Introduction

The robots.txt file is a file web crawlers (a.k.a. bots) search for at the root of a website before they start visiting its web pages. It contains instructions telling them which parts of the site they can visit or not.

One of the simplest robots.txt example is:

  user-agent: *
  disallow:

  sitemap: http://[www.mysite.com]/sitemap.xml

The first two instructions tell all user-agents (web crawlers) that nothing is disallowed (or allow all). Therefore, they can request any content on the website. If this instruction was followed by a /, it would mean nothing can be requested (a.k.a. disallow everything).

The allow instruction can also be used to authorize access to parts of the website. These instructions are policies web crawlers ought to follow, but they don't prevent malignant bots from ignoring directives if they want to. Secured access control cannot be achieved with robots.txt files.

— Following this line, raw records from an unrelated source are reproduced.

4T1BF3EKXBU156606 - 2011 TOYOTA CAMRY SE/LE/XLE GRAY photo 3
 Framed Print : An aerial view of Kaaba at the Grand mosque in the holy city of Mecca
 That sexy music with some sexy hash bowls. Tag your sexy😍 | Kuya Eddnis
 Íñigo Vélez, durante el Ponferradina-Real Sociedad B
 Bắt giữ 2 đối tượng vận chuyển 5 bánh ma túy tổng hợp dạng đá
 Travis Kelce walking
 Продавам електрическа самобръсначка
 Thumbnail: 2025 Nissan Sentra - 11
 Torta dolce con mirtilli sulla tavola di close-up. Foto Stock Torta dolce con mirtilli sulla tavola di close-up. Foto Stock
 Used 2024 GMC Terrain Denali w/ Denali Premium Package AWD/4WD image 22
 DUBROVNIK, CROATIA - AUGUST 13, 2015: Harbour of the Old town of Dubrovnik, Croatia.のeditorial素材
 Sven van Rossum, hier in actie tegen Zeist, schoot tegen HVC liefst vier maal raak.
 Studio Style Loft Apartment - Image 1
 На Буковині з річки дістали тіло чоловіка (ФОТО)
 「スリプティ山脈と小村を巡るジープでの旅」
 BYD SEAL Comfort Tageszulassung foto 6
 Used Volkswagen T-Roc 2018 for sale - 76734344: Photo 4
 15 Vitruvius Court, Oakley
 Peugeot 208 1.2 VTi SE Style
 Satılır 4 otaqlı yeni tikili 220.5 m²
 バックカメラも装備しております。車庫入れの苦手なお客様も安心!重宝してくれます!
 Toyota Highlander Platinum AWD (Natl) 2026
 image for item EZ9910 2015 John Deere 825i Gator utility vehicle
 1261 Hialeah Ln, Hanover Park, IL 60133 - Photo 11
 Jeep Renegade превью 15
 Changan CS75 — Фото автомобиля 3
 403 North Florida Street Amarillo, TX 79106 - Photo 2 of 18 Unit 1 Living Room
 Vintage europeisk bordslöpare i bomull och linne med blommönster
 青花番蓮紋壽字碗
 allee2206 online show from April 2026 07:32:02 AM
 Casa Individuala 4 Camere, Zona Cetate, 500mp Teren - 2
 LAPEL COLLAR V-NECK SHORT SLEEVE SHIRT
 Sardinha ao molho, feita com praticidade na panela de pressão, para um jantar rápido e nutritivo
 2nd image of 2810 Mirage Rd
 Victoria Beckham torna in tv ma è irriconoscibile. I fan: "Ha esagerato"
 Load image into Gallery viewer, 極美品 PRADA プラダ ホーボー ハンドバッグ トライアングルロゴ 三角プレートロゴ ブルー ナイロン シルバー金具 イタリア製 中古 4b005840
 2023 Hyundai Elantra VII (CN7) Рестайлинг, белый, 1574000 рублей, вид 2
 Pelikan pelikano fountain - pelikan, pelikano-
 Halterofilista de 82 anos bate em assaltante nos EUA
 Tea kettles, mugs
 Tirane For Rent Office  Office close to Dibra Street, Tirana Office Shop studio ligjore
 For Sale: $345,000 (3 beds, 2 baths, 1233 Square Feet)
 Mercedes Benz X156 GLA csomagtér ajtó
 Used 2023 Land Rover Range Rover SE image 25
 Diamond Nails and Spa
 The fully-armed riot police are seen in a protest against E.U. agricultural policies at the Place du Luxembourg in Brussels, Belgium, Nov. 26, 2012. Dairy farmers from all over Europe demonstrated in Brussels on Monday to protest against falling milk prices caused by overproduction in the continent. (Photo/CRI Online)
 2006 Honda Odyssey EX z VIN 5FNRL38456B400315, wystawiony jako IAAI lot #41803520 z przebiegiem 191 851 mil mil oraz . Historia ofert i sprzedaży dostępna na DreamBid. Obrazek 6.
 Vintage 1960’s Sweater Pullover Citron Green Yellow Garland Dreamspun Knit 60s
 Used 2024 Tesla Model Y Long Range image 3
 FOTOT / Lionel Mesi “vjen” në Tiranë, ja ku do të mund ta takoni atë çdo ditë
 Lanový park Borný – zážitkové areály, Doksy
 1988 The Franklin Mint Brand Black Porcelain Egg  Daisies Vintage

The last line tells web crawlers where to find the site's sitemap file. It is known as a sitemap directive. It is possible to declare multiple sitemaps:

  sitemap: http://[www.mysite.com]/sitemap1.xml
  sitemap: http://[www.mysite.com]/sitemap2.xml
  sitemap: http://[www.mysite.com]/sitemap3.xml

If a website does not implement a robots.txt file, it is interpreted by Google as all access is allowed (if and only if the returned HTTP status code is 404 or 410 when fetching the robots.txt file).

Best Practices

1. Every website should have a robots.txt file implemented at its root and preferably a sitemap.xml file too. The sitemap file can be empty at first.
2. All sitemaps should be declared in the robots.txt file, since not every web crawlers search for them automatically. However, all web crawlers search for a robots.txt file.
3. One can use the simple example provided above as a start.
4. Unless you really know what you are doing and you have a good reason to block parts of your website, let web crawlers access it fully. don't block CSS and Javascript files, since some search engines may refuse to rank pages referencing these if they cannot access them.
5. Keep your sitemaps in the root directory (preferably). If a sitemap is located in a subdirectory, it can only include urls of pages located in that subdirectory (in theory).
6. It is recommended to use UTF8 both for your robots.txt file and your sitemaps.

Once you have created (or modified) your robots.txt file, it is always good to double-check it with an online checker.

How To Block All Crawlers?

The simplest way to prevent web crawlers from accessing a website is to modify the disallow instruction as following:

  user-agent: *
  disallow: /

If you want to remove some web pages from search engine indexes, this is not the recommended method. Return a 410 HTTP status code or mark you pages as NOINDEX instead.

Other Facts

- The order of rules in the robots.txt does not matter for Google.
- The most specific rule prevails on the less specific (the number of matching character is used).
- Google bots search for the robots.txt file on each website at least once per day.
- You cannot use escaped fragment URLs in a robots.txt file.
- Unknown robots.txt directives are ignored.